The town of Fjällbacka is shaken after a famous photographer is found murdered before an exhibition opening. His friend, the famous author Henning Bauer and his family, are shocked by the death of their friend, even more so when the violence follows them to their small island home. Detective Patrik Hedström and his colleagues struggle to find a connection between the cases while his wife Erica Falck heads to Stockholm to find information on the murder of a trans woman in the 1980s, discovering that these three cases may be more closely linked than originally thought.
I read The Cuckoo for a book club and had no idea that it was the eleventh book in a series featuring detective Patrik Hedström and his wife Erica Falck, but I’d like to continue it or at least check out some of the earlier books in the series. I love a good Nordic noir, and while this was still on the lighter end of the genre it did get surprisingly dark in some instances.
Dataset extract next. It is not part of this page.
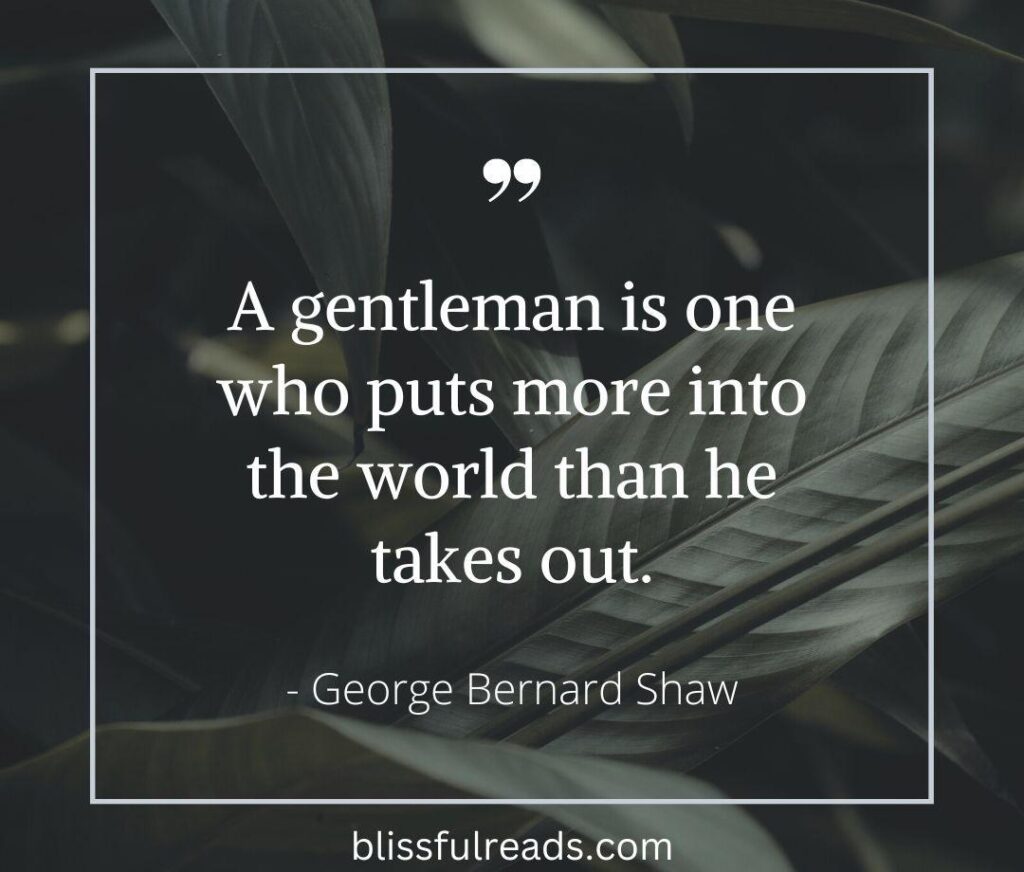 gentleman quotes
The Cuckoo is very atmospheric, I loved the descriptions of the island where the Hennings lived and how bleak everything felt as more murders were happening and Patrik and Erica struggled to figure out how it was all connected. I do think there were way too many characters in this book, even by the end I had a hard time trying to figure out who was who and what they did, especially because a few of them had very similar backstories and names. But there were some good twists, and I loved how everything fit together. I wasn’t a huge fan of the big villain monologue at the end, but it’s something a lot of mysteries and thrillers seem to struggle to avoid writing.
I loved the relationship between Patrik and Erica and would have liked to see more of it, though from my understanding in other books they generally do spend more time together. I thought the characters balanced each other out very well, that they actually did seem to like and love each other, and I loved the dynamic of an officer and a writer bouncing ideas off of one another to solve a case.
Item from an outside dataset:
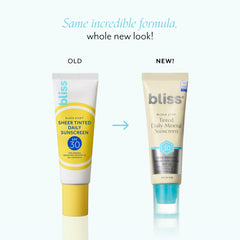 Bliss Block Star tinted swatch on skin demonstrates natural coverage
I also think Läckberg did a fantastic job writing about the death of a trans woman. She wrote Lola with a lot of care and made sure to touch on topics of discrimination and violence against trans people but always made sure Lola was written and seen as a woman. It was really beautiful to see and I hope more writers take a page out of Läckberg’s when writing trans characters (though keeping them alive would be an added plus!).
Overall this was a fantastic mystery. If anyone has been a bit nervous about reading Nordic Noir because of it’s darkness, The Cuckoo is a great place to start. It felt more like reading a North American mystery with some darker elements peppered in, but a great stepping stone to anyone curious about the genre.
Publication: September 12 2022
Publisher: Hemlock Press
Pages: 432 pages (Hardcover)
Source: Library
Genre: Fiction, Mystery, Thriller
My Rating: ⛤⛤⛤.75
Summary:
Two terrible events, without obvious connection, shake Fjällbacka to its core. A famous photographer is found brutally murdered in a showroom. Henning Bauer, the Nobel prize winner in literature, suffers from a violent act on the small island where he is writing the 10th book in his world famous series.
While Patrik Hedström and his colleagues at Tanumshede police station struggle to investigate the cases, Erica Falck researches a murder on a trans man in Stockholm in the 1980’s. She slowly realizes that the threads from the past are connected to the present time, and that old sins leave long shadows behind.